[[ DATA SUPPLIED open ]]

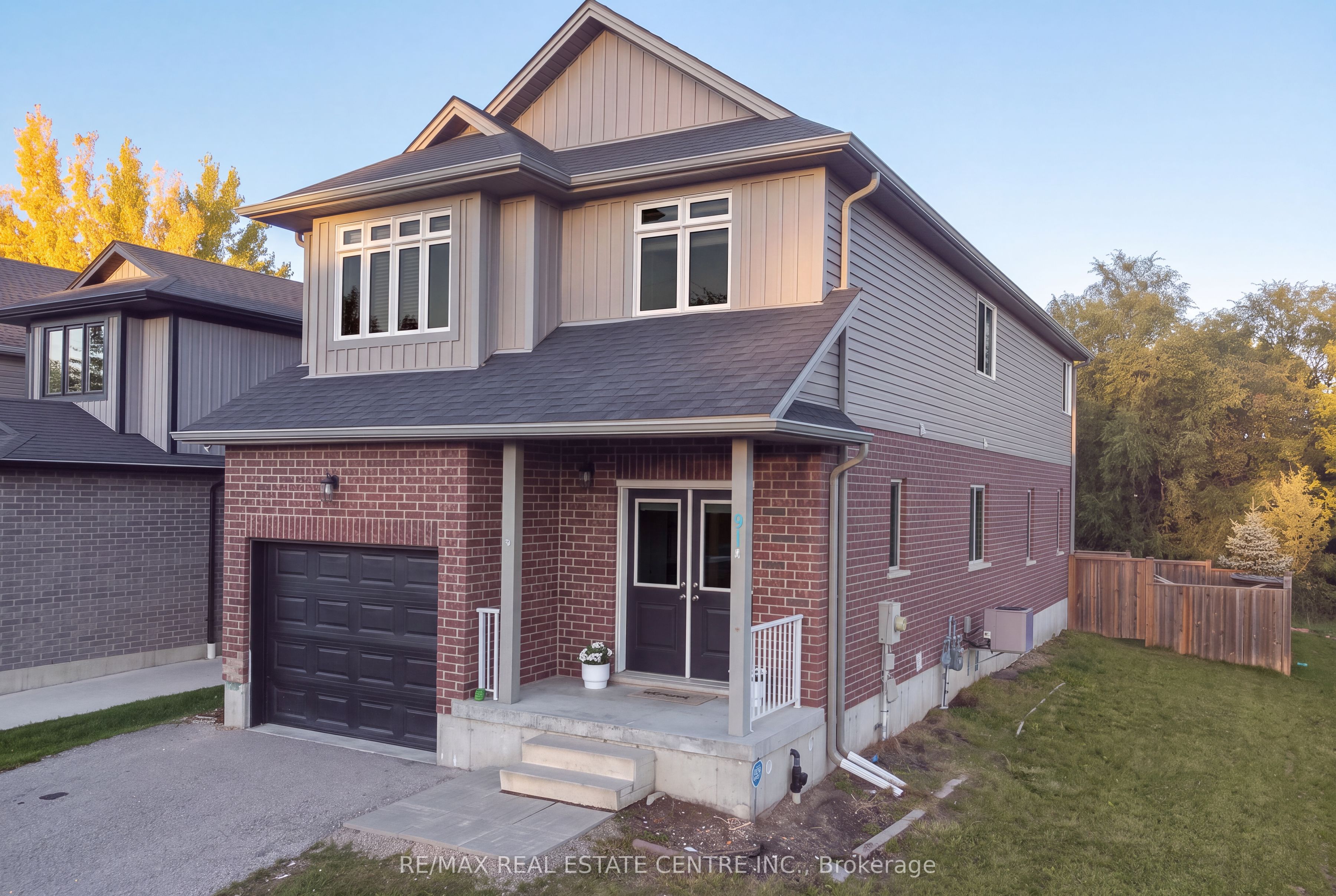 91 Yvonne Crescent Property Photo 3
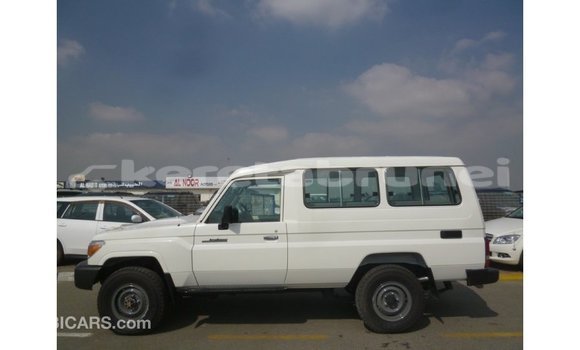 Buy Import Toyota Land Cruiser White Car in Import - Dubai in Belait Buy Import Toyota Land Cruiser White Car in Import - Dubai in Belait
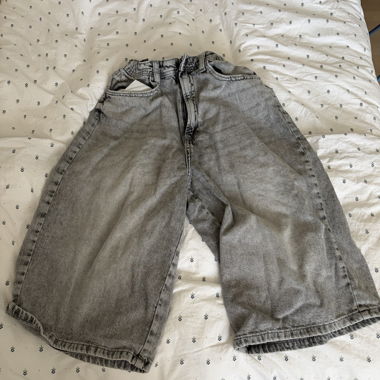 Baggy grey jorts 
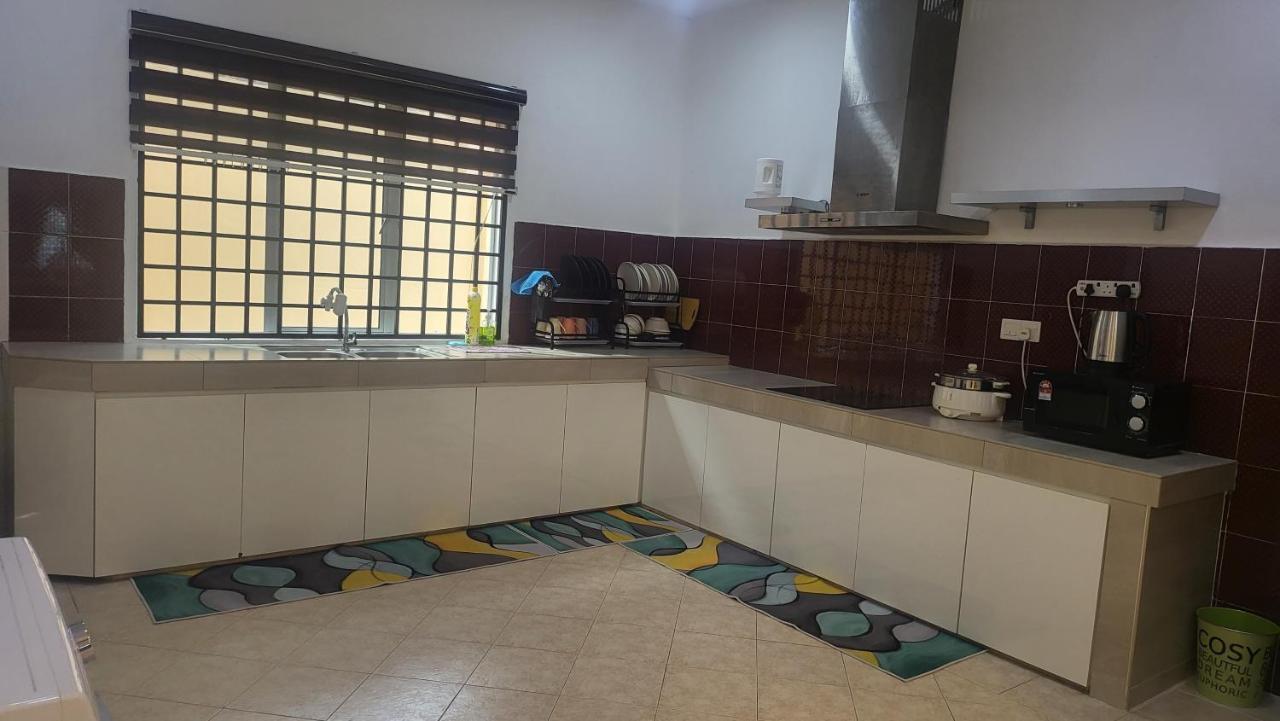 Ipoh Family Villa-Spacious Stay For 21 Or 42Pax מראה חיצוני תמונה
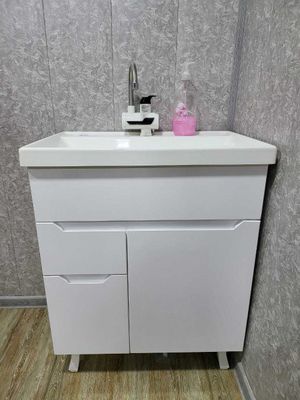 Раковина с шкафом (тумбой) с сифоном с подогревом воды.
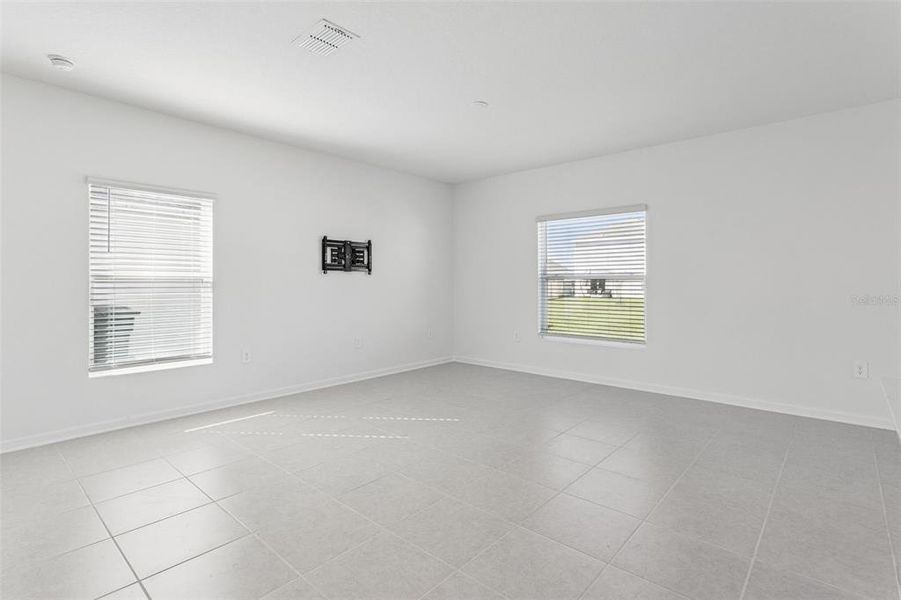 Spacious, unfurnished interior of a new home in , Clermont (Image 16). Spacious, unfurnished interior of a new home in , Clermont (Image 16).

[[ DATA SUPPLIED closed ]]

● **ABOUT THIS EXERCISE**
Set down every entry word for word, but omit the pictures.

● **EXERCISE ANSWER**
 91 Yvonne Crescent Property Photo 3
 Buy Import Toyota Land Cruiser White Car in Import - Dubai in Belait Buy Import Toyota Land Cruiser White Car in Import - Dubai in Belait
 Baggy grey jorts 
 Ipoh Family Villa-Spacious Stay For 21 Or 42Pax מראה חיצוני תמונה
 Раковина с шкафом (тумбой) с сифоном с подогревом воды.
 Spacious, unfurnished interior of a new home in , Clermont (Image 16). Spacious, unfurnished interior of a new home in , Clermont (Image 16).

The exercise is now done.